Die meisten Formen der jetzigen Bilder sind lesbar, wenn auch nicht immer eindeutig. Es sind Formen, die Teile des Körpers übersetzen. Sie liegen auf der weißen Leinwand oder treten aus deren schwarzer, mit der Spachtel gezogenen Abdeckung hervor, doch sie sind nicht gemäß dem gewohnten, für natürlich gehaltenen Körperschema miteinander verbunden. Gegenüber früheren Bildern wurden die Verbindungen zwischen einzelnen Teilen gelockert oder aufgelöst, und sie sind durch andere, fremdartige und unerklärliche Beziehungen ersetzt worden. Manchmal gibt sich eine bildliche Logik für diese Zusammenstellungen zu erkennen, etwa wenn eine Sequenz von drei Köpfen an die musikalische Notation eines Akkords denken lässt, disparate Teile drehsymmetrisch um einen Mittelpunkt kreisen, die Figuration wie bei den Faltbildern für einen Rorschachtest entlang einer horizontalen Achse aufgeklappt ist oder Bildelemente den vier Seiten einer Leinwand folgen. Doch keine dieser Konstellationen ist zwingend; ein Zusammenhang tritt in einem bestimmten Bild auf und macht im nächsten Bild einem anderen Platz. Zusammenhänge sind irregulär und instabil; es sind momentane Stockungen im Verlauf flüchtiger Verhältnisse. Zusammen gesehen evozieren die Arbeiten in der Ausstellung einen Ablauf endloser Reorganisation, Umwandlung ohne Finalität.

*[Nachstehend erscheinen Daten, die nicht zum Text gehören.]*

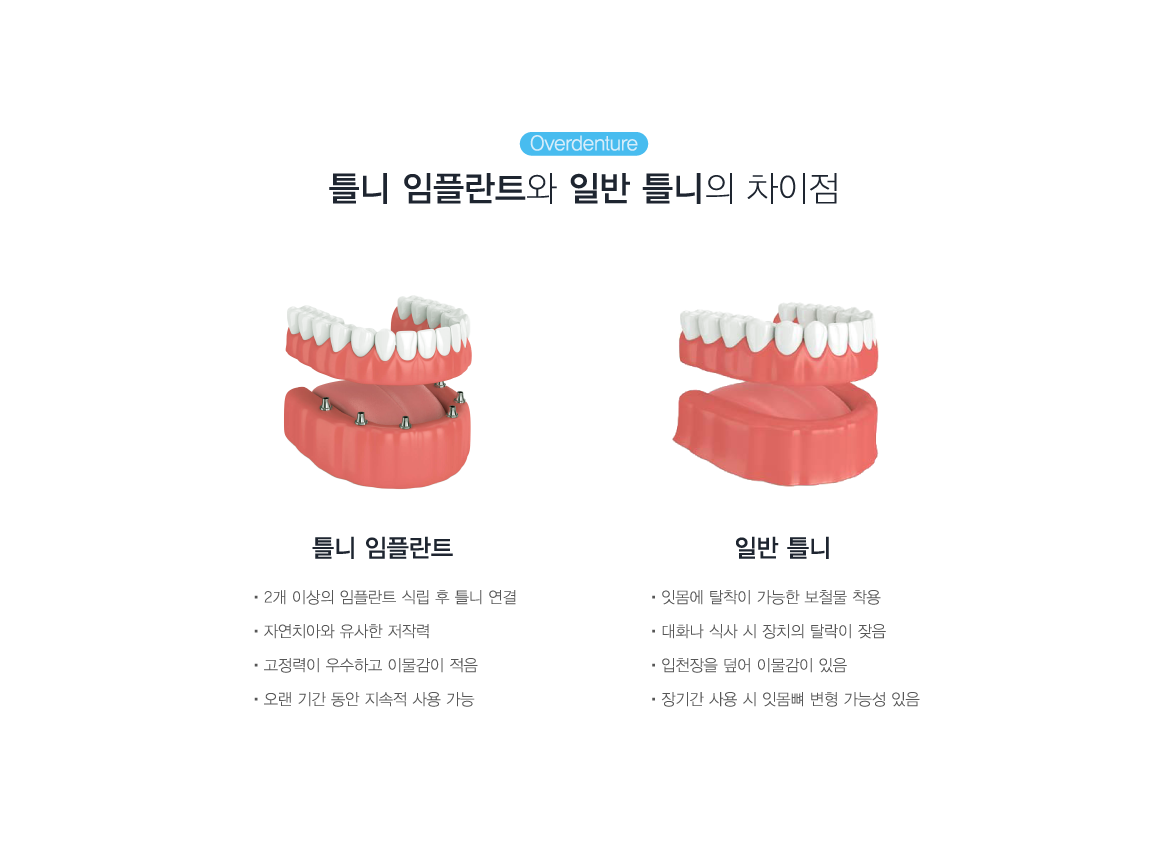 Ʋ�����ö�Ʈ�� �Ϲ�Ʋ���� ������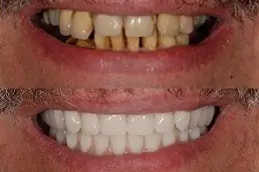 خلع الاسنان في ابوظبي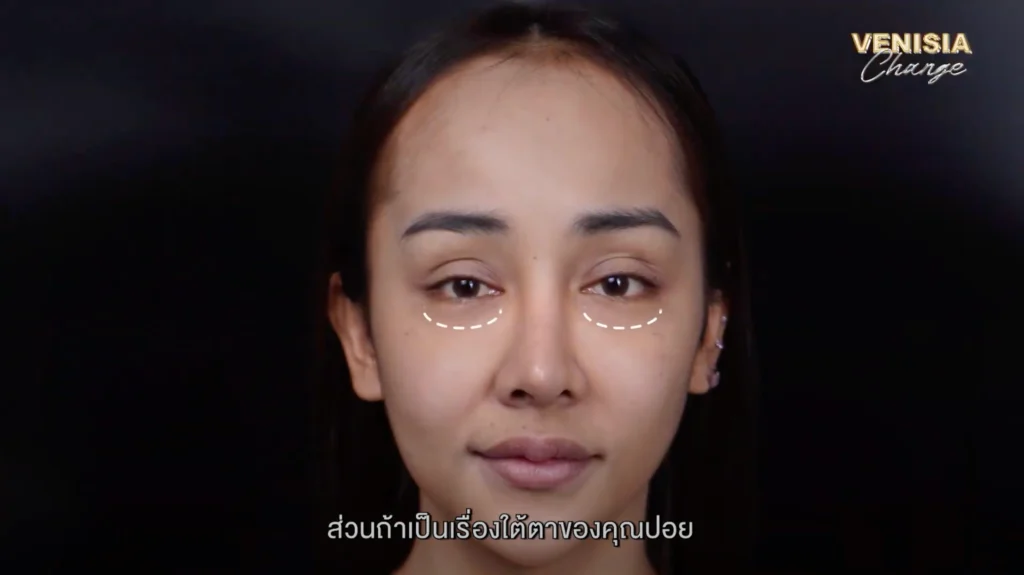 ใต้ตาคล้ำและถุงใต้ตาที่ทำให้คุณปอยขาดความมั่นใจ ต้องหาวิธีแก้ไขอย่างจริงจัง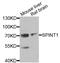 Serine Peptidase Inhibitor, Kunitz Type 1 antibody, A6411, ABclonal Technology, Western Blot image 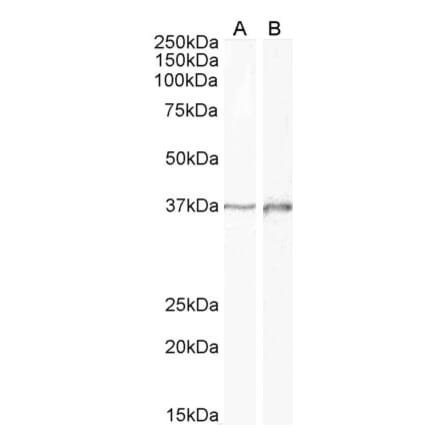 Western Blot - Anti-Dlx2 Antibody (A85134) - Antibodies.com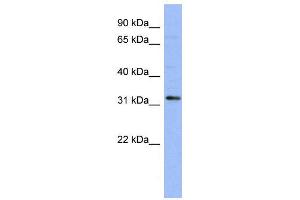 WB Suggested Anti-TLX1  Antibody Titration: 0.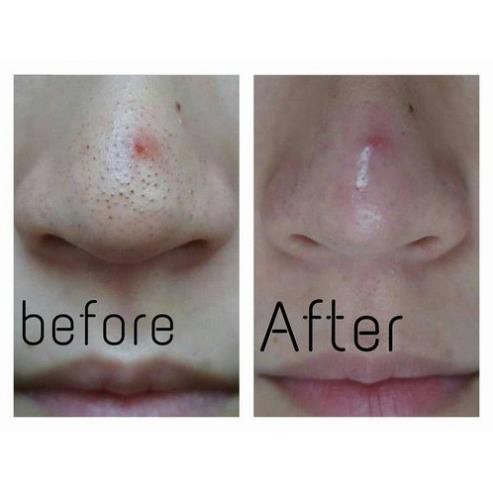 Miếng dán đẩy mụn đầu đen Goodbye BlackHead Ciracle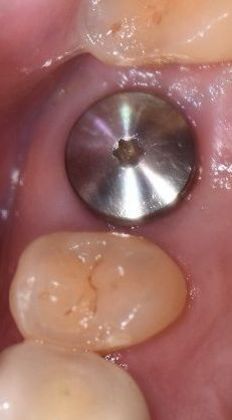Dental Implants Case 6 - Shiner, TX - Before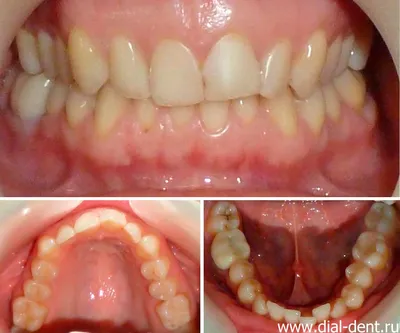 Исправление прикуса и протезирование передних зубов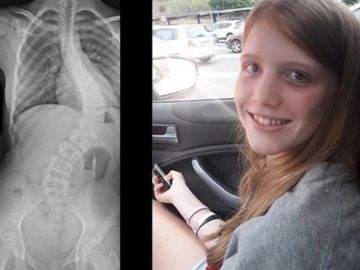 Una madre lanza un 'crowdfunding' para recaudar dinero para la operación de su hija Una madre lanza un 'crowdfunding' para recaudar dinero para la operación de su hija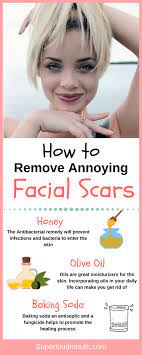 Aug 21, 2020 · be gentle, though, and try not to knock off the scab that is trying to form. 40 Best Ways To Get Rid Of Acne Scabs Overnight Diy Home Remedies Acne Scabs How To Get Rid Of Acne Acne Scab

Viel stärker als auch bei Arbeiten, die zu Beginn des Jahres 2018 entstanden sind, treten nun aus orange-rosafarbenen Schemen herausgewischte Formen erotisierten Fleisches hervor; wollte man diese Bilder einer etablierten Ikonographie zuordnen, müsste man sie „Der Tod und das Mädchen“ nennen. Die banale Schriftzeile weist darauf hin, wie Plessens entkörperter Körper zustande kommen: durch Schrecken und Begehren. Dabei gibt es Hinweise auf Prozesse in zwei einander entgegengesetzten Richtungen. Libidinöse Energie (Kathexis), etwas Obsessives, aber auch Volatiles treibt ein vorgegebenes Körperschema auseinander und bringt andererseits eine indifferente Oberfläche dazu, stellenweise körperhafte Konkretisierungen zu bilden. Existenzbedingungen, die Plessens neue Bilder aufrufen, sind die Mechanisierung des Körpers auf der einen Seite und seine algorithmische ?Optimierung auf der anderen. Auf diese Alternativen verweisen die Ausstellungstitel 1914 und 2118.

Die mit den Zahlen ausgeklammerte Gegenwart aber ist die Gegenwart der Bilder selber. Manche Teile korrespondieren miteinander, doch massive Größenunterschiede treiben andere auseinander. Im Einzelnen kommen verschiedene handwerkliche Praktiken zur Anwendung, die die Bildoberfläche zu einem körperlich variierten Territorium machen. Plessen hat die Farbe des Totenschädels mit weichem Papier aufgetupft und es hat sein Muster hinterlassen. Feuchte Farbe wurde mit einem Lappen weggerieben, um die Illusion einer gewölbten Hautoberfläche zu erzeugen. Mit der Spachtel wurde Farbe in waagerechten Strichlagen aufgetragen und dabei auch weggekratzt, um den Bildträger einschließlich des verdeckten Unterbaus abzubilden. Plessen besitzt eine umfangreiche Sammlung von Patritzen und Schablonen, die den gesamten Atelierboden bedecken. Um Anordnungen einzelner Teile der jeweiligen Figuration auszuprobieren, befestigt er die Kartonstücke mit Klebestreifen auf der Leinwand und übersetzt sie schließlich in umgrenzte Einheiten von Malerei.

In der Gegenwart einer malerischen, ungeplanten Praxis stürzen Erinnerung und Vorwissen ineinander, ohne klar und eindeutig voneinander unterschieden zu sein.